Everybody would be getting in everybody else’s way and nobody would get anywhere. Individual liberty would have become social anarchy. There is a danger of the world getting liberty-drunk in these days like the old lady with the basket, and it is just as well to remind ourselves of what the rule of the road means. It means that in order that the liberties of all may be preserved, the liberties of everybody must be curtailed. When the policeman, say, at Piccadilly Circus, steps into the middle of the road and puts out his hand, he is the symbol not of tyranny, but of liberty.
You may not think so. You may, being in a hurry, and seeing your car pulled up by his insolence of office, feel that your liberty has been outraged. “How dare this fellow interfere with your free use of the public highway?” Then, if you are a reasonable person, you will reflect that if he did not interfere with you, he would interfere with no one, and the result would be that Piccadilly Circus would be a maelstrom that you would never cross at all. You have submitted to a curtailment of private liberty in order that you may enjoy a social order which makes your liberty a reality.
Liberty is not a personal affair only, but a social contract. It is an accommodation of interests. In matters which do not touch anybody else’s liberty, of course, I may be as free as I like. If I choose to go down the road in a dressing- gown who shall say me nay? You have liberty to laugh at me, but I have liberty to be indifferent to you. And if I have a fancy for dyeing my hair, or waxing my moustache (which heaven forbid), or wearing an overcoat and sandals, or going to bed late or getting up early, I shall follow my fancy and ask no man’s permission. I shall not inquire of you whether I may eat mustard with my mutton. And you will not ask me whether you may follow this religion or that, whether you may prefer Ella Wheeler Wilcox to Wordsworth, or champagne to shandy. In all these and a thousand other details you and I please ourselves and has no one’s leave.
We have a whole kingdom in which we rule alone, can do what we choose, be wise or ridiculous, harsh or easy, conventional or odd.

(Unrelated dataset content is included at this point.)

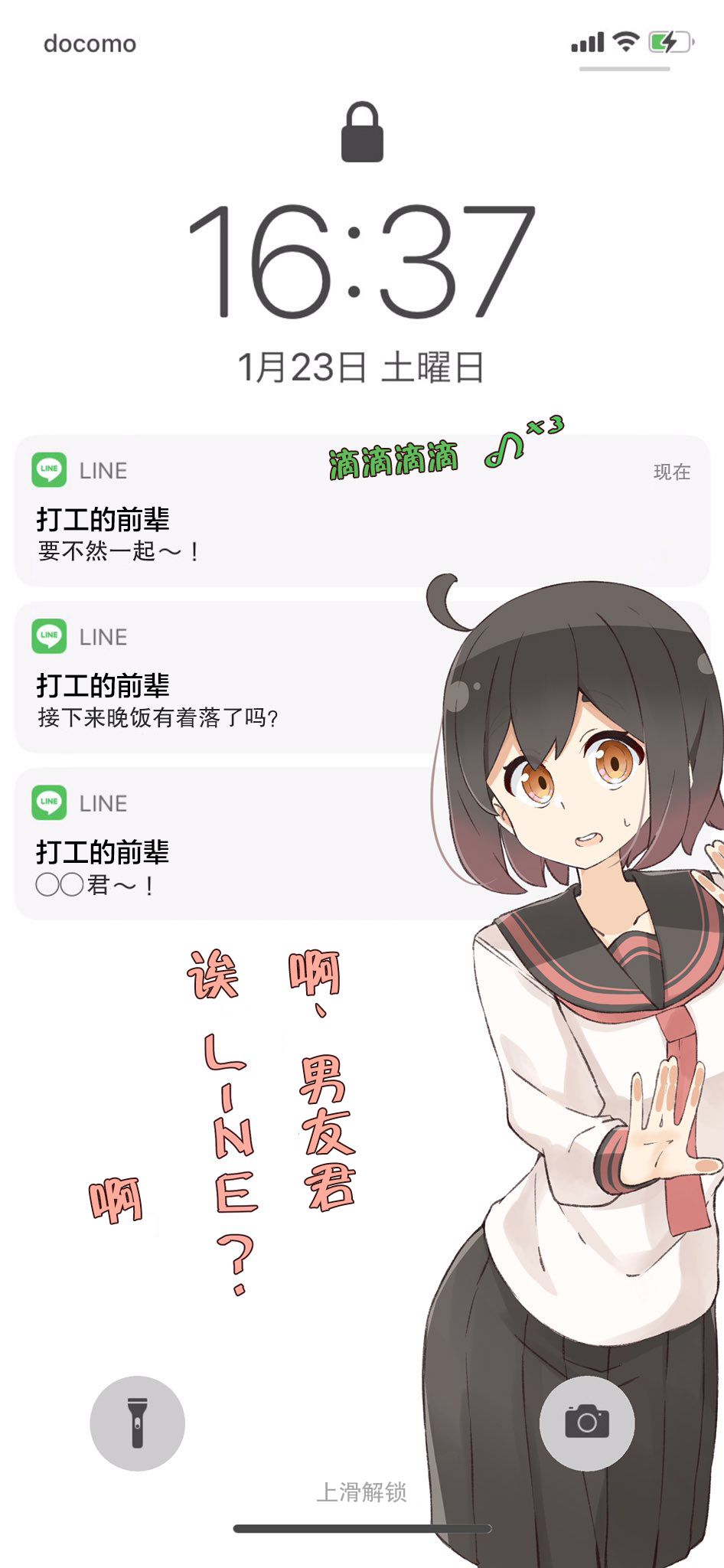 待机女友第11话 下拉式 待机女友 大树漫画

But when we step out of that kingdom, our personal liberty of action becomes qualified by other people’s liberty. I might like to practice on the trombone from midnight till three in the morning. If I went onto the top of Everest to do it, I could please myself, but if I do it in my bedroom my family will object, and if I do it out in the streets the neighbours will remind me that my liberty to blow the trombone must not interfere with their liberty to sleep in quiet.
There are a lot of people in the world, and I have to accommodate my liberty to their liberties. We are all liable to forget this, and unfortunately we are much more conscious of the imperfections of others in this respect than of our own. A reasonable consideration for the rights or feelings of others is the foundation of social conduct.
It is in the small matters of conduct, in the observance of the rules of the road, that we pass judgment upon ourselves, and declare that we are civilized or uncivilized. The great moments of heroism and sacrifice are rare. It is the little habits of commonplace intercourse that make up the great sum of life and sweeten or make bitter the journey.